# YOUR GOAL
Skip every image and restate the data word for word.

# TASK INPUTS
= = = = = = =

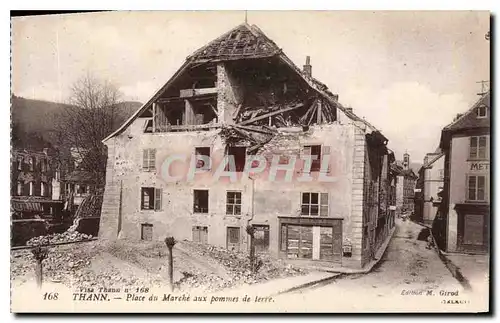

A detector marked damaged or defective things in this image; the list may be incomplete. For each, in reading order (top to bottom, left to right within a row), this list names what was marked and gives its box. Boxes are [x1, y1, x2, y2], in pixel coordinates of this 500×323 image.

broken window [195, 147, 211, 171]
broken window [227, 146, 246, 172]
damaged stone building [98, 23, 394, 270]
broken window [302, 146, 322, 173]
broken window [141, 189, 162, 211]
broken window [191, 189, 207, 214]
broken window [300, 192, 328, 218]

= = = = = = =

# WRITTEN REPLY
A detector marked damaged or defective things in this image; the list may be incomplete. For each, in reading order (top to bottom, left to right within a row), this list names what was marked and gives its box. Boxes are [x1, y1, x2, y2], in pixel coordinates of this 500×323 image.

broken window [195, 147, 211, 171]
broken window [227, 146, 246, 172]
damaged stone building [98, 23, 394, 270]
broken window [302, 146, 322, 173]
broken window [141, 189, 162, 211]
broken window [191, 189, 207, 214]
broken window [300, 192, 328, 218]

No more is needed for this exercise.